# Description
#   This script gets word data from the site 'intercat.gencat.es' which is a
#   catalan government site for the promotion of the Catalan language
#   The site also contains many sound files of Catalan and English being spoken.
#
# Notes
#   See the file 'catalan-resources.txt' for a discussion of the development of this
#   script.
#   The sound files from the Generalitat de Catalunya site are in my opinion not
#   really of a very good quality. This is a pity because they are numerous.
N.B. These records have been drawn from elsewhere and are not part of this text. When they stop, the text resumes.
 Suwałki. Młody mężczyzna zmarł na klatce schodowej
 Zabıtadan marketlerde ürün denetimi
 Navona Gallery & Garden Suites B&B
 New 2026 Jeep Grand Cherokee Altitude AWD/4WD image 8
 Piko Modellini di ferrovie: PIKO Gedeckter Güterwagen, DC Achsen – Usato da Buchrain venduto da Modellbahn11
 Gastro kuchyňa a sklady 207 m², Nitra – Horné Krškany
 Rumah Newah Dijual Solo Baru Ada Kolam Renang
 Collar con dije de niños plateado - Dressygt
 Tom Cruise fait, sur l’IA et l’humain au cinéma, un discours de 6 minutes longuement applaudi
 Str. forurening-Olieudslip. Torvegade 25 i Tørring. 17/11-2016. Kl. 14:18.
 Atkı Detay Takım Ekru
  sIntercatUrl="http://www.intercat.gencat.es/guia"
  for ii in $(seq 21)
  do
    wget ${sIntercatUrl}/portugues/capitol${ii}.htm 
    # The urls below get the bilingual wordlists for the other european languages
    # (with english being the last, and not having a directory extension)
    # wget ${sIntercatUrl}/portugues/capitol${ii}.htm 
    # wget ${sIntercatUrl}/frances/capitol${ii}.htm 
    # wget ${sIntercatUrl}/alemany/capitol${ii}.htm 
    # wget ${sIntercatUrl}/castella/capitol${ii}.htm 
    # wget ${sIntercatUrl}/capitol${ii}.htm 
  done    

  for ii in $(seq 21)
  do
    # Change this as well as above for the other languages.
    echo "[URL=$sIntercatUrl/portugues/capitol${ii}.htm]"

    sed "s/\"\"/\"/g;s/<\/td>/<\td><td>\&nbsp;\&nbsp;\&nbsp;\&nbsp;<\/td>/gi" capitol${ii}.htm | \
      html2text -nobs -width 140 | tr '\222' "'" | tr -d '\205' | sed "/^[[:space:]]*$/d;s/[[:space:]]*$//g" 
  done    

  rm -f capitol*.htm